We have developed a series of new dye bombesin conjugates for site-specific absorption and fluorescence imaging of human prostate and breast cancers. Bombesin (BBN), an amphibian analog to the endogenous ligand, binds to the gastrin releasing peptide (GRP) receptors with high specificity and affinity. Previously, we developed an Alexa Fluor 680-GGG-BBN peptide conjugate which demonstrated high binding affinity and specificity for breast cancer cells in the in vitro and in vivo tests (Ref: Ma et al., Molecular Imaging, vol. 6, no. 3, 2007: 171-180). This probe can not be used as an absorption probe in near-infrared imaging because its absorption peak is in the visible wavelength range. In addition, site specific longer wavelength fluorescent probe is desired for in vivo molecular imaging because long wavelength photons penetrate deeper into tissue. The new absorption and fluorescent probe we developed is based on the last eight-residues of BBN, -Q-W-A-V-G-H-L-M-(NH2), and labeled with AlexaFluor750 through a chemical linker, beta-alanine. The new probe, Alexa Fluor 750-BetaAla-BBN(7-14)NH2, exhibits optimal pharmacokinetics for specific targeting and optical imaging of the GRP receptor over-expressing cancer cells. Absorption spectrum has been measured and showed absorption peaks at 690nm, 720nm and 735nm. Fluorescent band is located at 755nm. In vitro and in vivo investigations have demonstrated the effectiveness of the new conjugates to specifically target human cancer cells overexpressing GRP receptors and tumor xenografts in severely compromised immunodeficient mouse model.

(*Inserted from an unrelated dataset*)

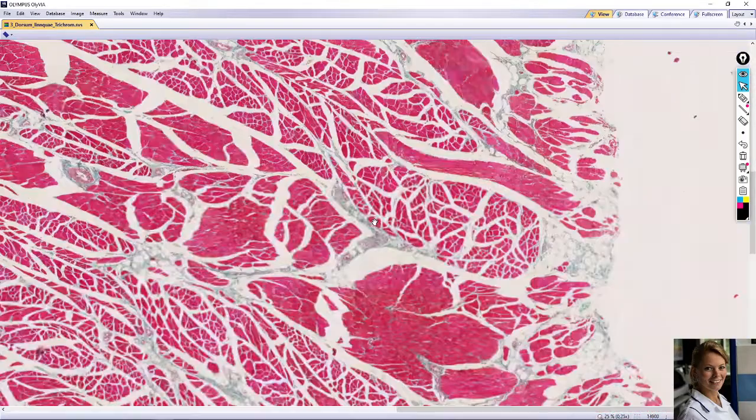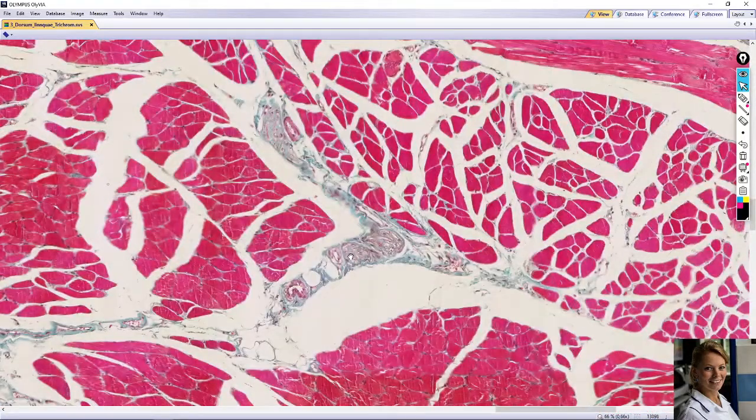Here you can see very nice sections of nerve fibers.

Using fluorescence molecular tomography for multimodality fusion imaging

Multimodality molecular imaging that combines anatomical and functional information has shown promise in development of tumor-targeted pharmaceuticals for cancer detection or therapy. Most multimodality imaging techniques are based on nuclear imaging modalities and MRI or CT. Fluorescence molecular tomography (FMT) is an emerging optical modality for non-invasive functional imaging and early diagnosis of carcinoma. Three-dimensional FMT can differentiate tissue physiological changes in vivo to provide functional information when used in conjunction with cancer cell selectively targeted probes. In this study, we present the design of such a system for multimodality molecular imaging. A frequency domain radio frequency technique based on commercial amateur radio equipment has been developed. A heterodyne method is used to transfer a low frequency oscillation into a single-side-band at radio frequency. The difference in phase, caused by fluorescence photon density wave, is detected between a transmitting fiber and a receiving fiber bundle, and then measured at lower frequency after demodulation. To achieve multimodality molecular imaging, a new fluorescent labeled tumor-targeting probe, fluorescent bombesin conjugates, has been developed with high affinity and specificity for targeting breast cancer cells. The developed multimodality fusion strategy will provide increased sensitivity/specificity for cancer cells, with respect to any single imaging modality.